§ **The problem**
Only the lines from the one that contains "St George's Grenada" to the last line below, both included, should be transcribed. Pictures stay out of the copy.

§ **Data to use**

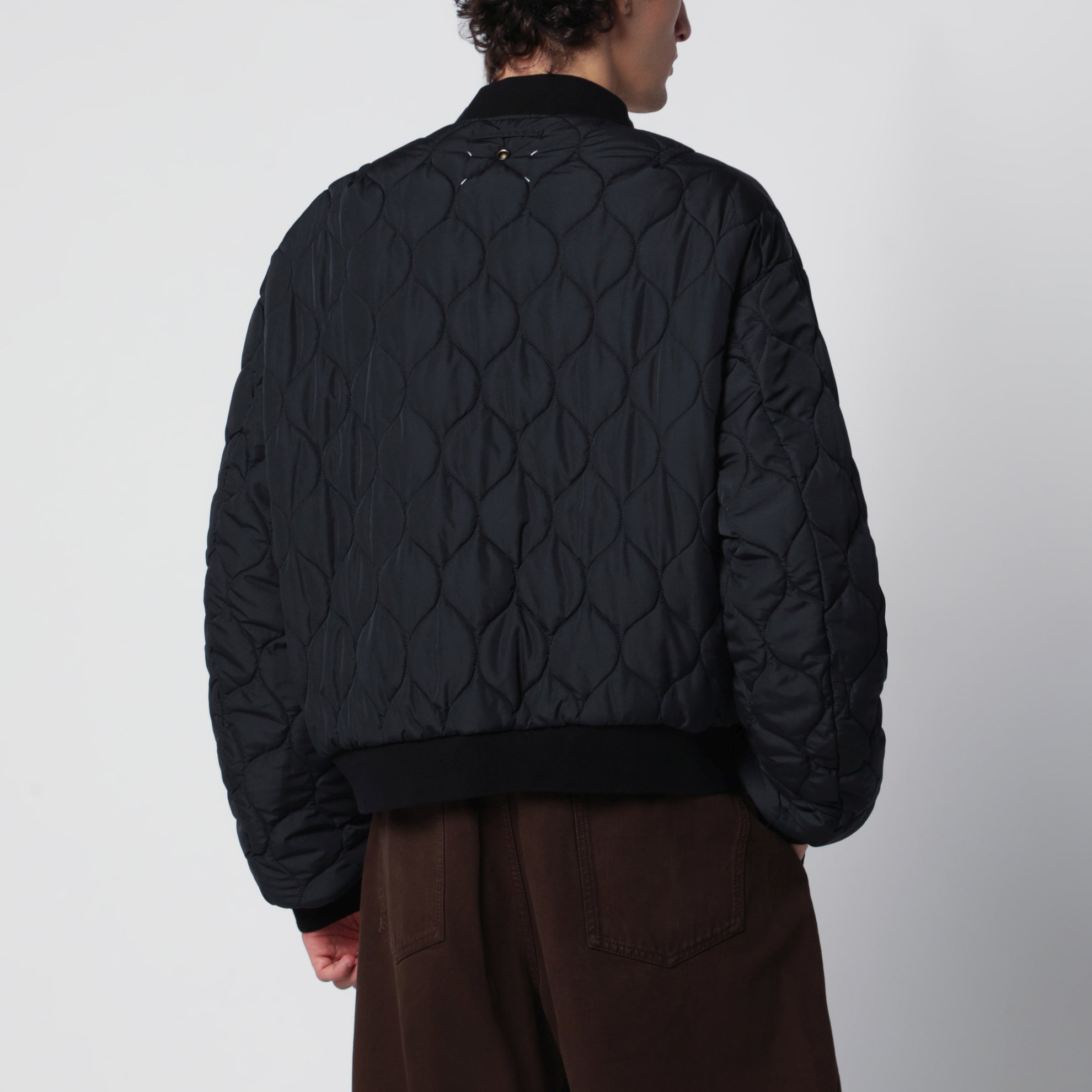 Dark grey reversible bomber in nylon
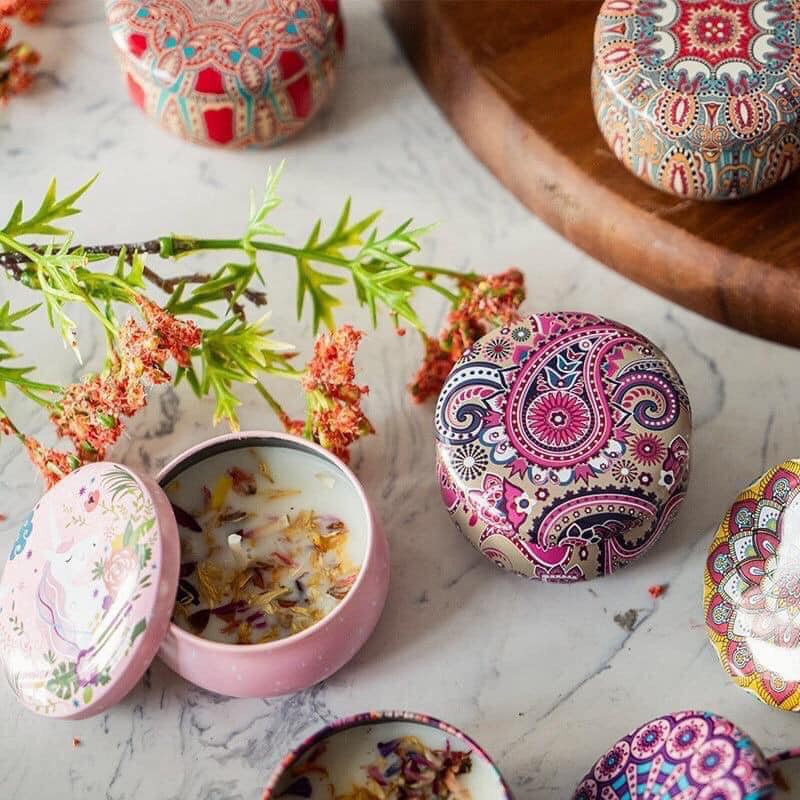 Nến thơm hũ thiếc nến khử mùi sáp nến thơm phòng nguyên liệu từ thiên nhiên họa tiết nhiều màu xinh xắn SF1391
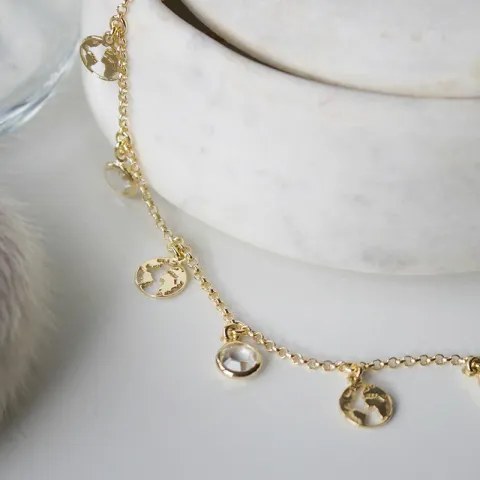 world halsband i förgyllt silver med hängen i förgyllt silver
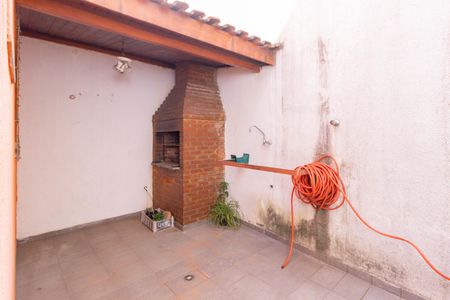 Quintal dos Fundos de casa para alugar com 3 quartos, 210m² em Jardim Pirituba, São Paulo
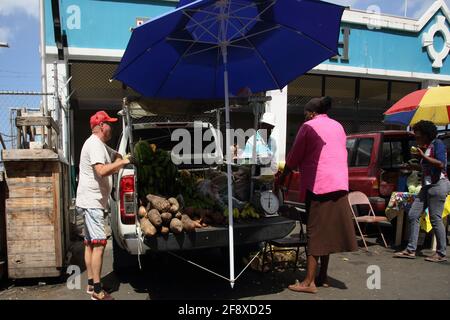 St George's Grenada Donna vendere frutta e verdura fuori La parte posteriore di un camion di pick up fuori del pesce mercato Foto Stock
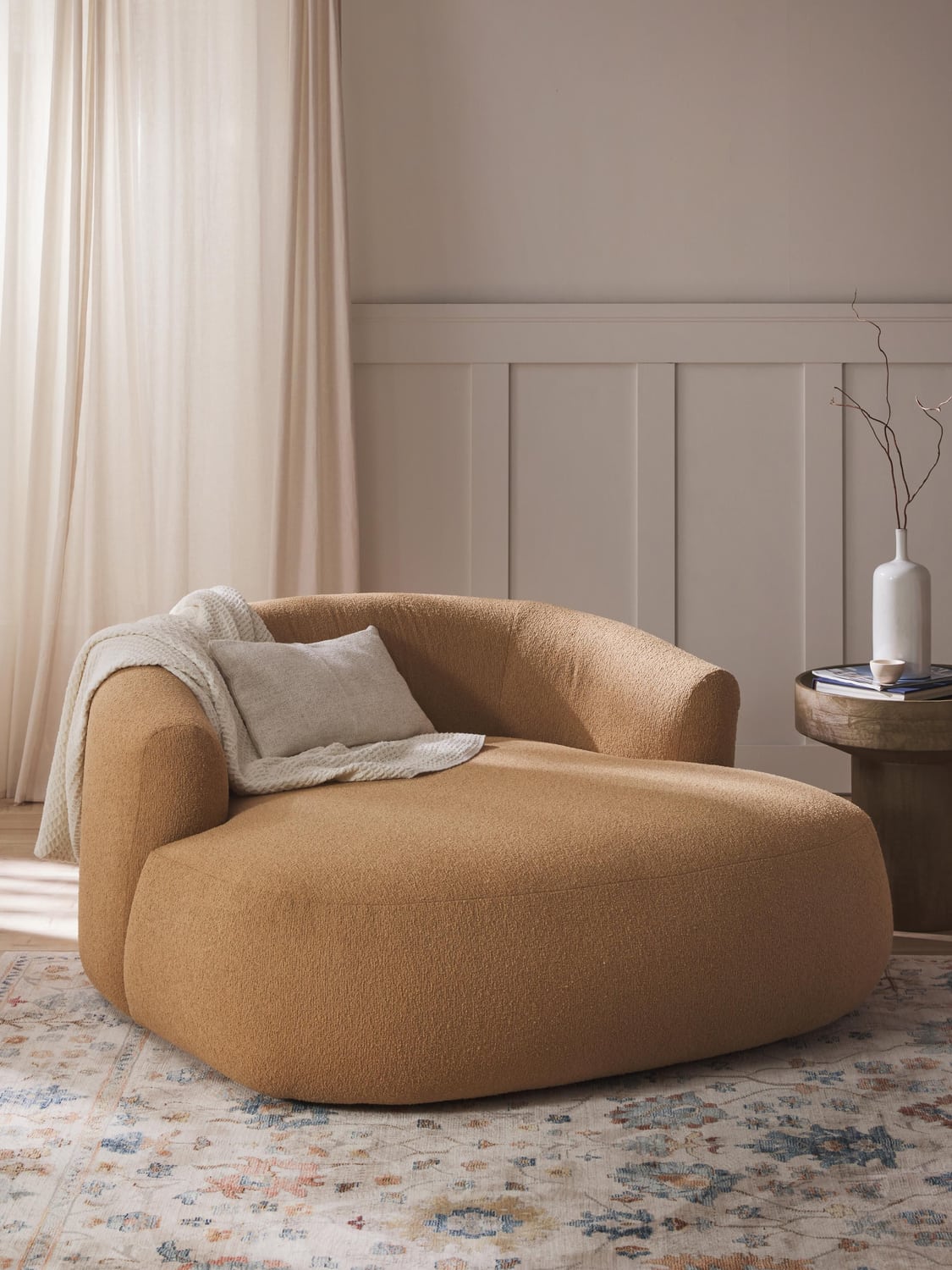 Sofia Bouclé-XL-Lounge Chair — Sand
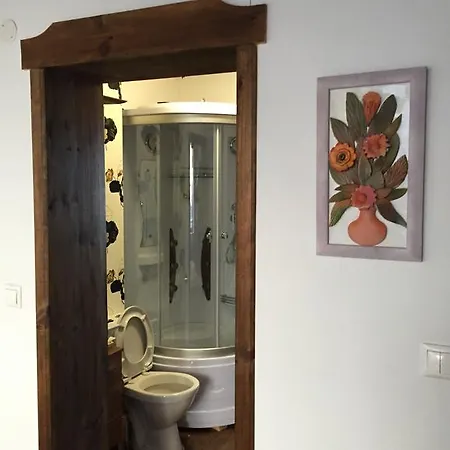 Lazovata House Leşten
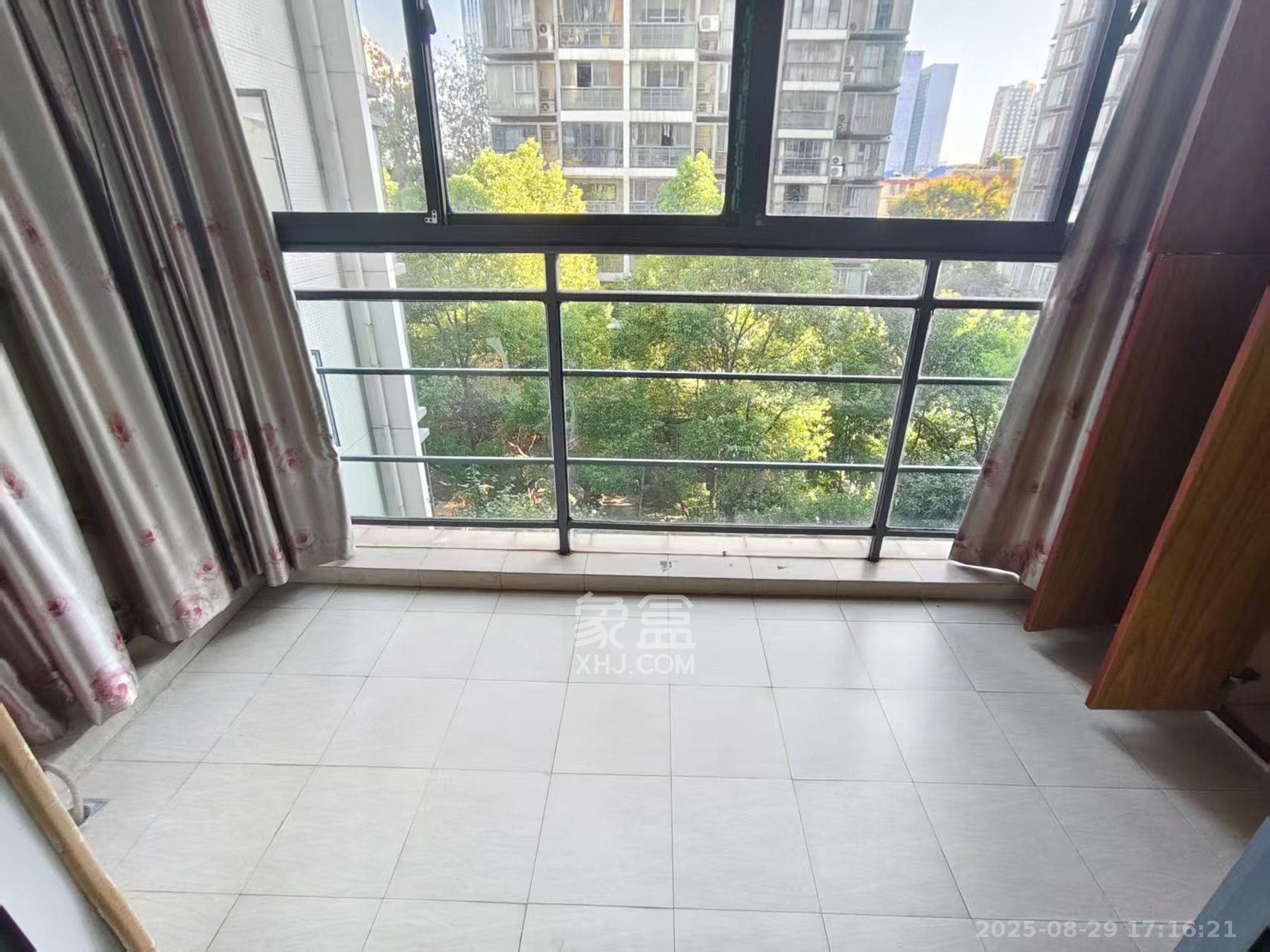 银港水晶城  3室2厅2卫   2800.00元/月室内图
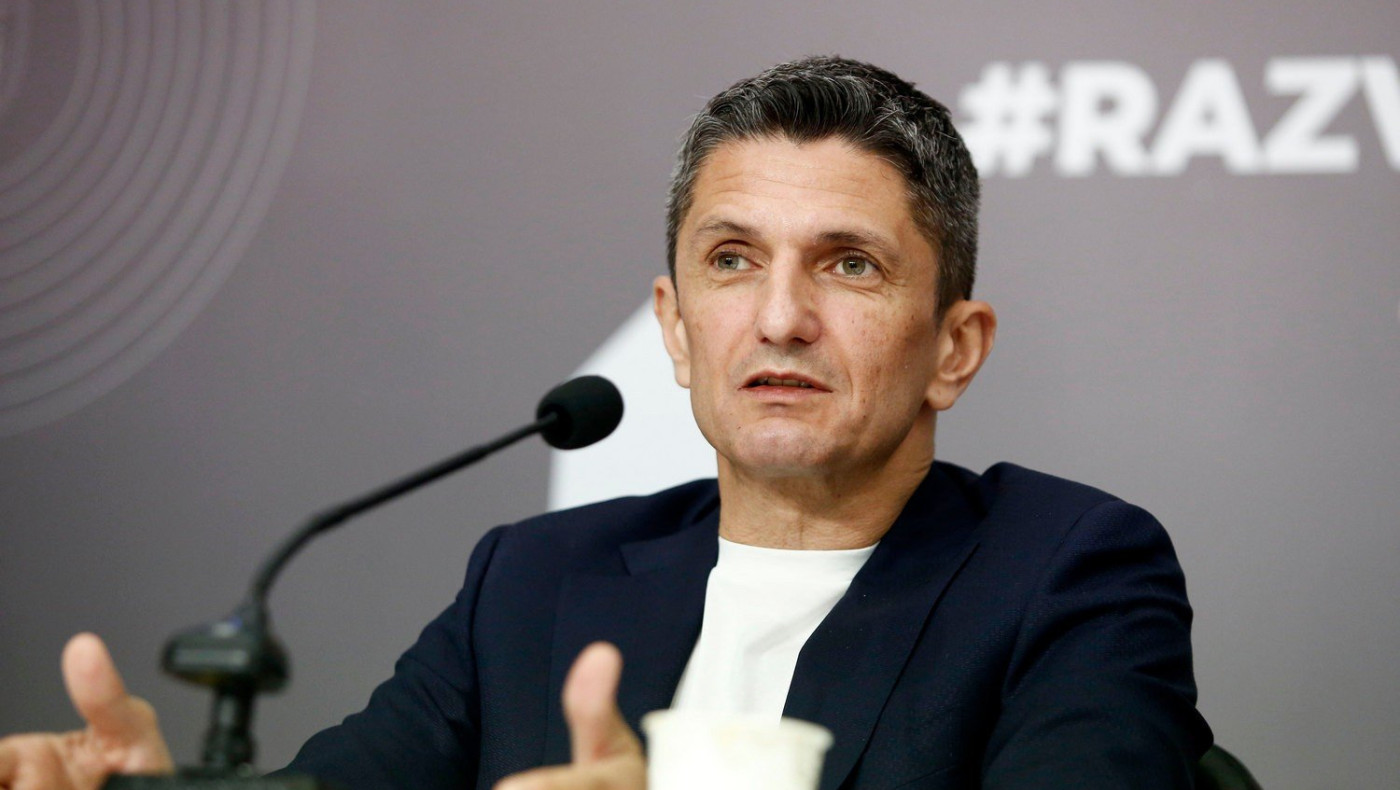 Ουδείς είναι στο μυαλό του Ραζβάν!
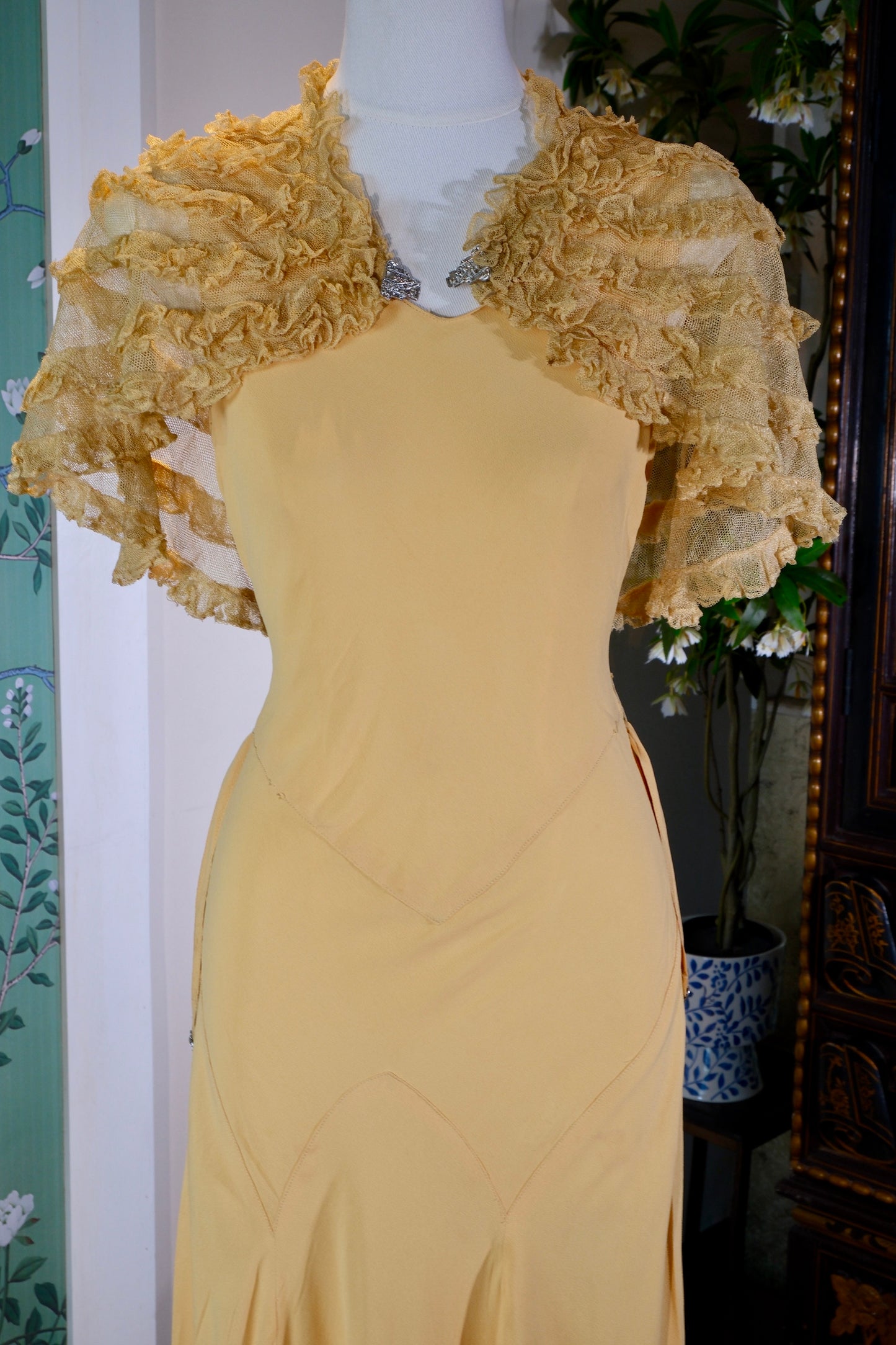 云肩流金：民国三十年Art Deco真丝礼服与“海派旧梦” | Gilded Cloud Shoulder: A Republic of China Year 30 (1940s) Art Deco Silk Gown and "Shanghai-Style Old Dreams"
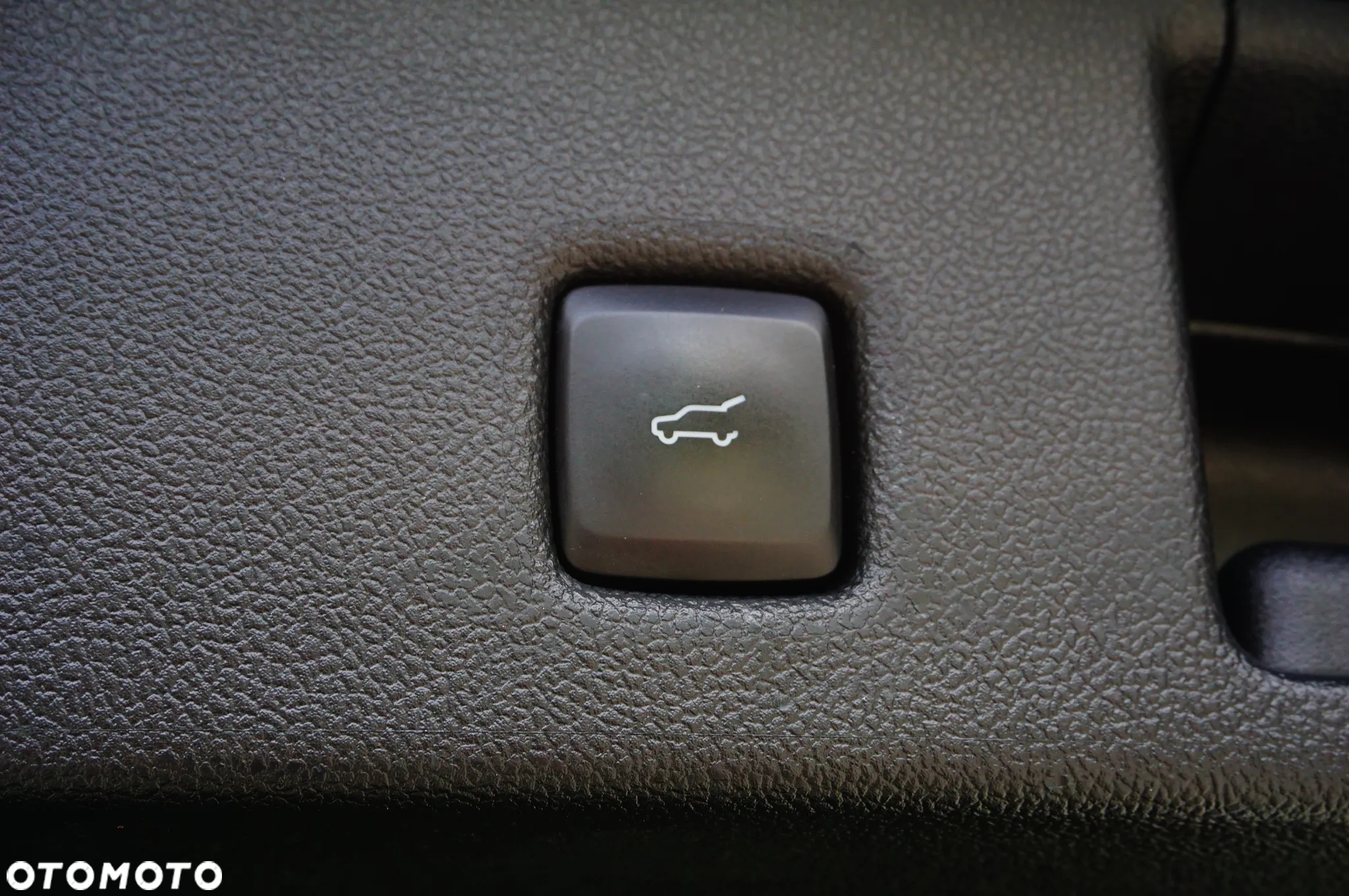 Ford Kuga 2.5P PHEV FWD Titanium X - 22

§ **Solved problem**
 St George's Grenada Donna vendere frutta e verdura fuori La parte posteriore di un camion di pick up fuori del pesce mercato Foto Stock
 Sofia Bouclé-XL-Lounge Chair — Sand
 Lazovata House Leşten
 银港水晶城  3室2厅2卫   2800.00元/月室内图
 Ουδείς είναι στο μυαλό του Ραζβάν!
 云肩流金：民国三十年Art Deco真丝礼服与“海派旧梦” | Gilded Cloud Shoulder: A Republic of China Year 30 (1940s) Art Deco Silk Gown and "Shanghai-Style Old Dreams"
 Ford Kuga 2.5P PHEV FWD Titanium X - 22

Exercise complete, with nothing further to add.